YOUR ASSIGNMENT => Retype each line of the data below exactly, beginning with the first and ending with the one that contains "تصاویر | میزبانی". Pictures do not belong in the copy.

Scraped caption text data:
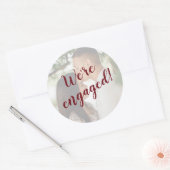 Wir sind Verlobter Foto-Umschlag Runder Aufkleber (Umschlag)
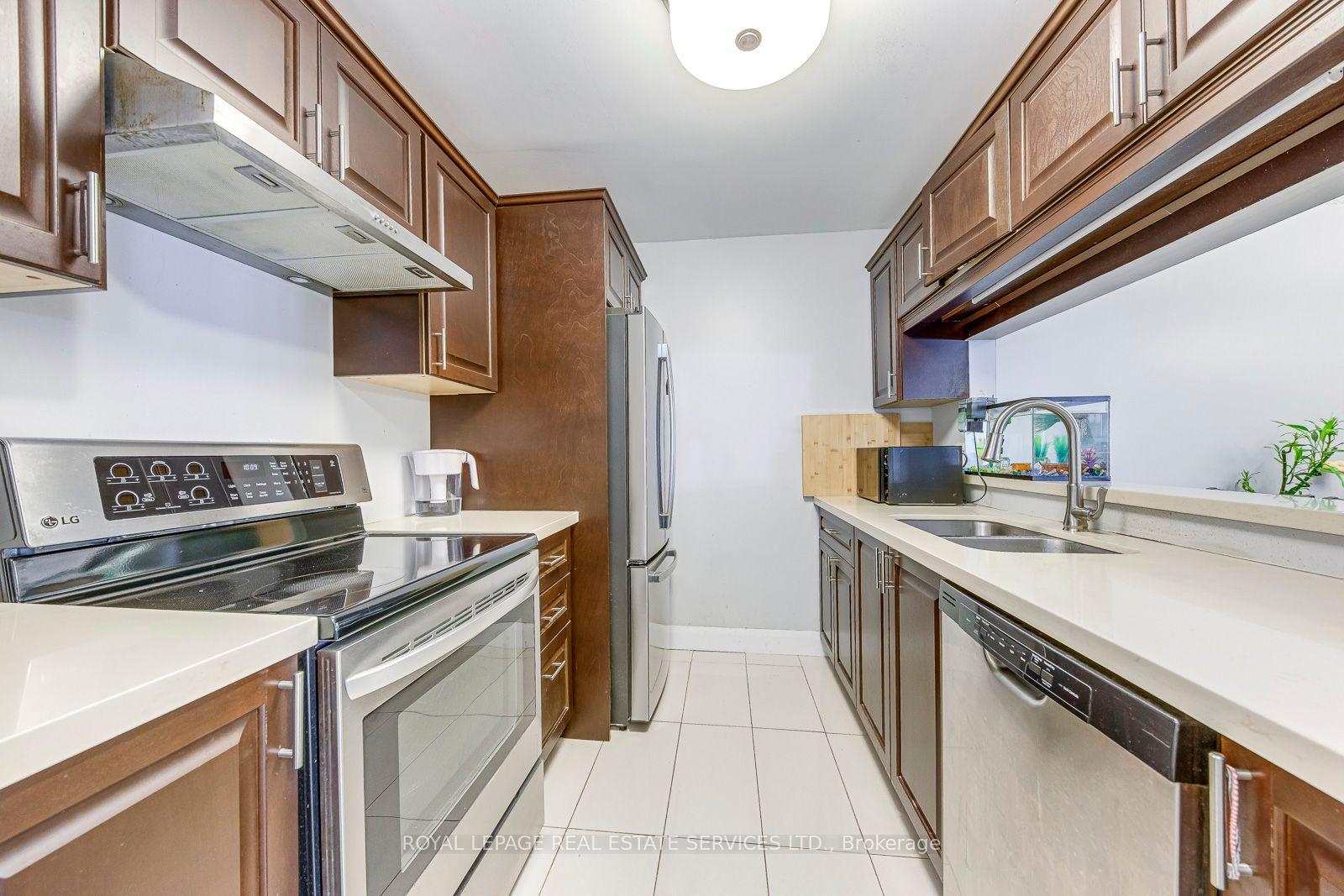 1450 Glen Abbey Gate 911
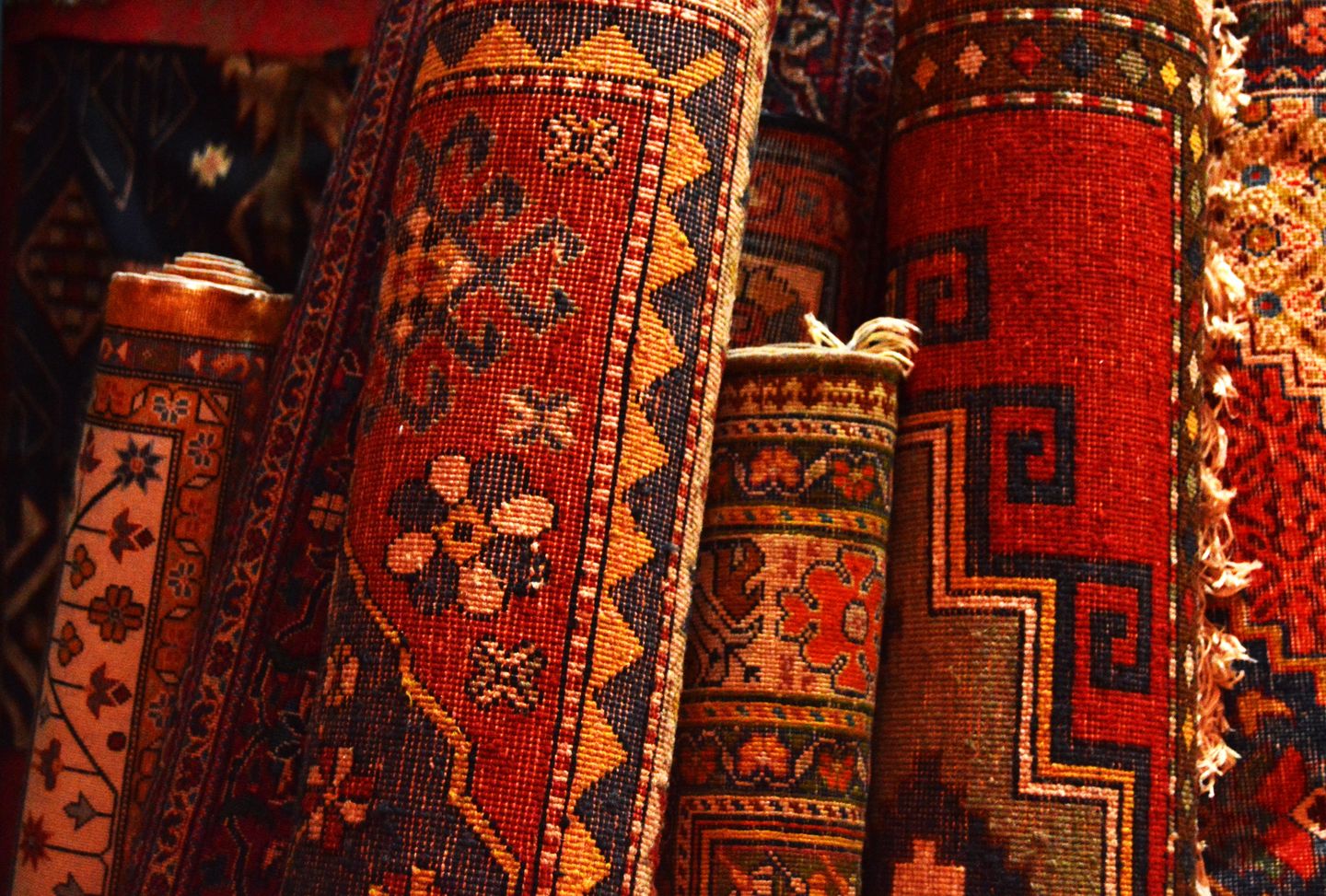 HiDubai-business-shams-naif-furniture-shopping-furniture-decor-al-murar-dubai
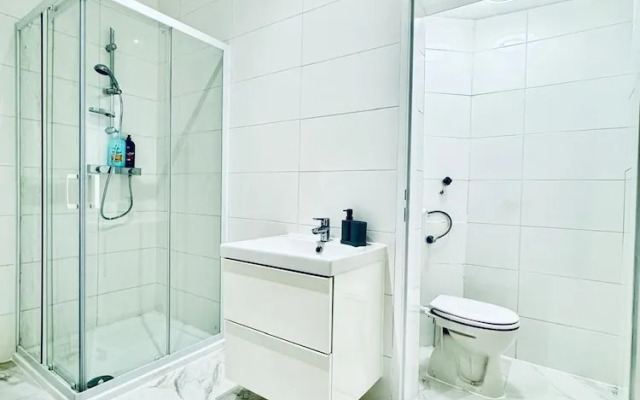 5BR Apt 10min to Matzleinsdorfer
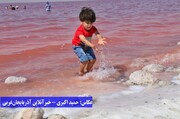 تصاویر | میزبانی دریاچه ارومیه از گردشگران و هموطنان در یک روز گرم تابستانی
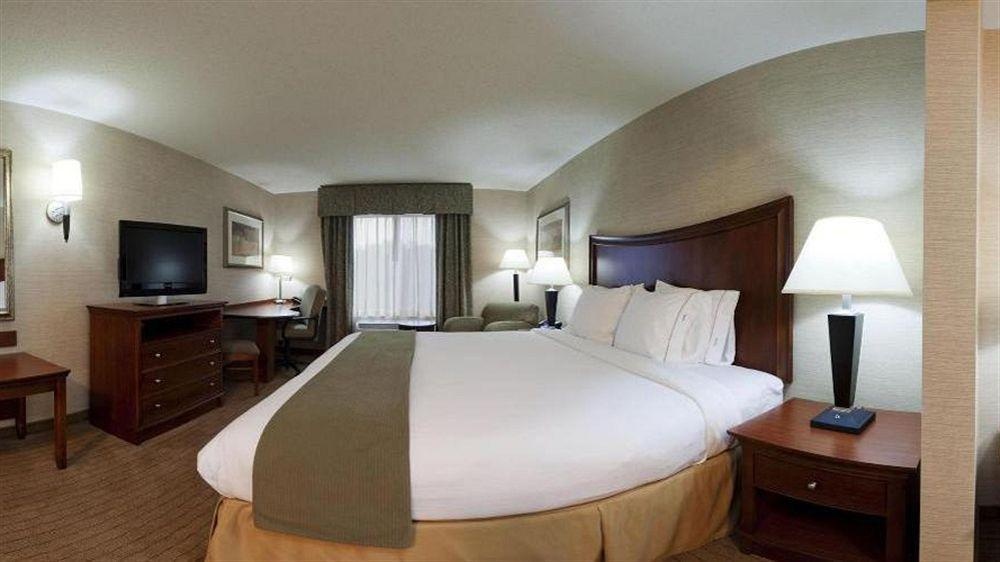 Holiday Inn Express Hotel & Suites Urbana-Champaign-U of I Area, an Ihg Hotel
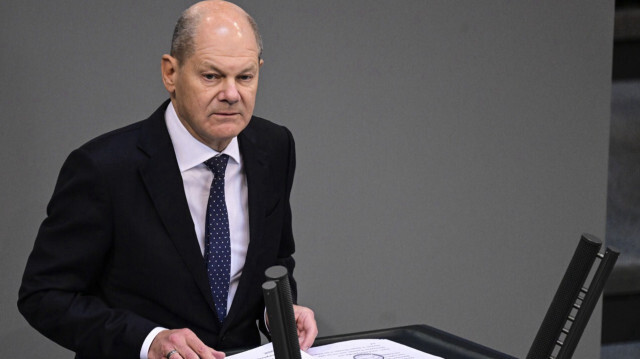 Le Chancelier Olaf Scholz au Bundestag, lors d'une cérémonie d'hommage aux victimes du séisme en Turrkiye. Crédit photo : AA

TASK OUTPUT =>
 Wir sind Verlobter Foto-Umschlag Runder Aufkleber (Umschlag)
 1450 Glen Abbey Gate 911
 HiDubai-business-shams-naif-furniture-shopping-furniture-decor-al-murar-dubai
 5BR Apt 10min to Matzleinsdorfer
 تصاویر | میزبانی دریاچه ارومیه از گردشگران و هموطنان در یک روز گرم تابستانی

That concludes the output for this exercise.